The more distant an industry is from the Software Industry in the chart, the bigger the transformation change needed, i.e., the company needs to (1) understand that digital product development may not bring the desired results and (2) digital products take time to provide a return on the investment.

People also face digital transformation

I’m talking here about companies going through digital transformation and the challenges theses companies face during this transformation but companies are made of people, so the digital transformation actually happens to people who need to understand the demand and technology uncertainties that charechterize a digital transformation.

This fact that people go through digital transformation seems obvious when we talk about traditional companies, specially the ones that have decades of existence like bank, retail, drugstore, bookstore, real estate, insurance, restaurant and so on.

However, besides traditional companies, there are also two other types of companies:

  • tech companies which sell technology, i.e., technology is their core. Some examples are Google with its main product, Google Search and GMail. Amazon Web Services. Facebook. Instagram. WhatsApp. SAP. Salesforce. Zendesk. The companies I worked for (Locaweb and Conta Azul).
  • born-digital traditional companies which have traditional products or services that can exist without technology. However, as they have included technology since their beginning as a strategic capability, they look like digital companies. Examples are Amazon and Nubank that I cited above. Additional examples are listed in the image below:
Born-digital traditional companies

When we consider that digital transformation happens to people who are part of a company, it’s clear to see that born-digital traditional companies and even tech companies also face digital transformation. Many people who work in these companies probably came from more traditional industries with less demand and technology uncertainties and will have to adapt to a more uncertain context. For instance, to build Nubank, many of its employees, including C-level and founders, came from the banking industry like Cristina Junqueira who worked for Itaú prior to founding Nubank. Another interesting example is Google’s CFO Ruth Porat who worked at Morgan Stanley prior to joining Google.
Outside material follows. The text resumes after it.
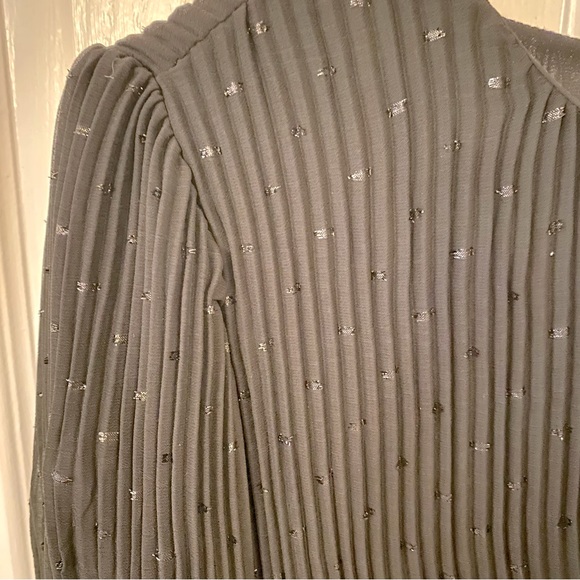 NWT BB Dakota Black Long Sleeve Blouse with Glitter Detail - Picture 5 of 6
Being able to understand the previous context of the people who are working on a digital transformation may help cope with the struggles and issues that we may face in a digital transformation, especially with its transformation aspect.

Summing up

  • The digital aspect of digital transformation is relatively easy since there are tons of knowledge and many experts to help design, develop and implement digital products. Product management and development techniques have been evolving at a rapid pace.
  • The transformation aspect of a digital transformation is harder since there’s not much knowledge about it and we tend to credit its difficulty to a somewhat generic cultural and mindset cause.
  • Demand and technnology uncertaintIies of the software industry is what makes digital transformation difficult. Traditional companies that are in more certain contexts struggle to understand, and consequently to cope with, these uncertainties.
  • Born-digital traditional companies and even digital companies also face digital transformation issues since the people who work in these companies, including C-level and founders, may come from companies in contexts where demand and technology are less uncertain.
  • Being able to understand previous context of the people who are working on a digital transformation may help cope with the strugles and issues that we may face in a digital tyransformation, specially with its tranasformation aspect.

Digital Product Management Books

Do you work with digital products? Do you want to know more about how to manage a digital product to increase its chances of success, solve its user’s problems and achieve the company objectives? Check out my Digital Product Management bundle with my 3 books where I share what I learned during my 30+ years of experience in creating and managing digital products:

You can also acquire the books individually, by clicking on their titles above.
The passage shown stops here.